One of the most basic rules to keep your super pocket bike running smoothly is the same rule that you need to keep any vehicle running smoothly, from mini bike to a car or van: choose your gas carefully. For super pocket bikes, most pros will tell you not to use racing fuel. Not only does it not help, it might cause problems that other fuels would not. High octane unleaded gasoline works best. As with any gas station, look at the condition of the pumps and ground. If they look bad and there is standing water around where the gas in put into the tank, try the next one down the road. Make sure to mix the oil right, too. The mixtures are fairly easy to figure out, and do not use the same oil as cars. It is not designed for pocket bikes. Buy motorcycle oil.

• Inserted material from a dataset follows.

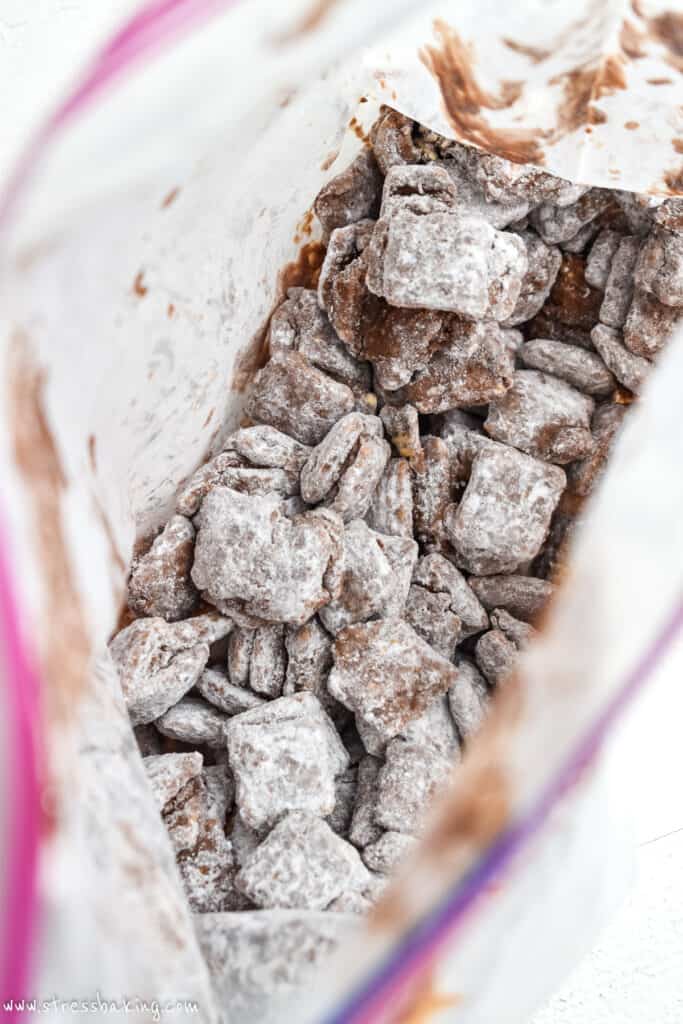A resealable bag full of powdered sugar coated puppy chow
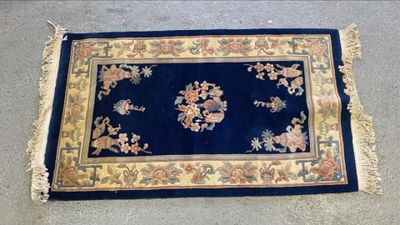 une image représentant un tapis bleu orné d'une bordure dorée et de fleurs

Break the super pocket bike in right. This mainly involves using common sense. Don't run your bike at the maximum RPM's during the break in period. That puts undue stress on the motor. On average it will take about four tanks of gasoline, five to be safe, to break your super pocket bike in. During this period, don't push the bike too hard - baby it a bit. Slow and steady quite literally will lead to winning the race. Going along with treating your bike right, don't run it cold. Allow your super pocket bike to warm up for about five minutes after starting it. This allows the motor and the fluids to heat up to their optimal running temperatures. You would never just start your car when its winter outside and take off, so don't so the same with your bike. It's not meant to run cold!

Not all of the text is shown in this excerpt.